Tuesday, September 11, 2012


I want to preface this post by saying I don't make a living performing genealogy research for others, and I don't claim expertise in a particular area of research or technology (although I like to consider myself pretty tech-savvy).  I'm a long-time hobbyist, plain and simple, which probably colors my remarks a little.  

I've seen a lot of Facebook posts and blog entries regarding "sharing."  I'm using that term to cover a lot of scenarios:  you connected with a long-lost cousin who wants your research; you post your tree on a website such as ancestry.com; abstracts that you may have done of original records; etc.  Personally, I am willing to share any piece of information I've been fortunate enough to dig up.  Along the way, I've run into a lot of very nice people who are of the same mind-set:  pay it forward.  I've had cousins send me packets of photographs and copies of original records they dug up through research trips.  I've had perfect strangers take cemetery photographs for me.  I was in contact with the widow of a man my mother corresponded with back in the 1970's, and she graciously sent me a copy of a book he had written.  I've sent letters to small genealogy libraries and had volunteers make copies of obituaries from old newspapers.  I've tried to return the favors, in small part, by volunteering through the Random Acts of Genealogical Kindness website.

I'm not saying that people who make their living from genealogy should give away their time and fruits of their labor for free.  My point is that if you post information on one of the many websites such as ancestry.com, don't be surprised if someone lifts your research.  Also, remember when others have offered you some small act of genealogical kindness, and try to do the same by paying it forward.

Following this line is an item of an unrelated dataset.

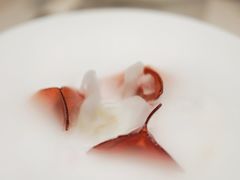 梦梁山楂鹅肝-觀芷隐轩
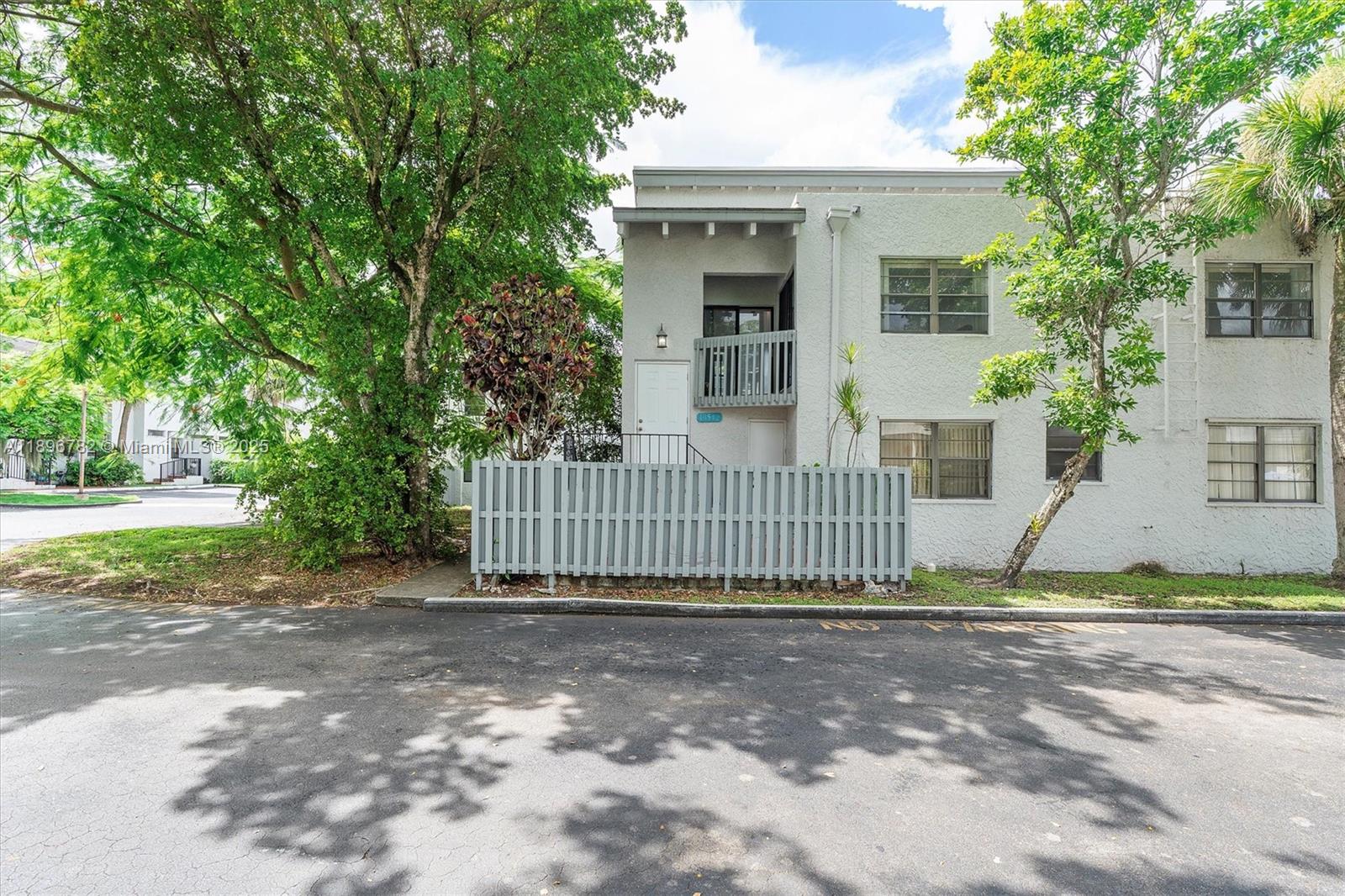 La Arboleda Village Condo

Saturday Field Trip to the National Archives

I had a lovely time this past Saturday with four ladies from the DAR chapter (Prairie Rose - Overland Park, KS) I will be joining in November.  Even though I'm not formally a member, they have graciously invited me to chapter functions, including a field trip to the National Archives in Kansas City.  While there, we attended a seminar on land records research, a subject which can be confusing (at least for me it is!).  

If you live near a National Archives facility, I  highly recommend their free genealogy seminars, as there is something for everyone no matter what research level you are, or what your interests might be!  Topics in July and August included:  Navigating the National Archives Website, Researching African-American Genealogy,  Using Federal Census Records to Find Your Ancestors, Finding Your Family in Federal Court, Ship Passenger Arrival Lists, and Bureau of Indian Affairs Records, to name a few.  On October 6, they are hosting a free day-long Fall Genealogy Symposium, with an in-depth look at records available at the federal level.

At the land records seminar, I did learn that for every land transfer from the government to an individual, a "land case file" was created.  Depending on the time period and the changing government regulations, the land case file could contain a lot of useful genealogical information.  The files exist for land claims that were both approved, and those that may have been cancelled for some reason.  As my great great great grandfather John Gannan (for whom this blog is named) held a land patent in Harrison County, Missouri, in 1855, I was able to order a land case file for his patent.  I'm excited to see what the file might contain, as Grandpa John is one of my longer-term brick walls.

Thanks again to the ladies of the Prairie Rose DAR Chapter for allowing me to tag along on your field trip!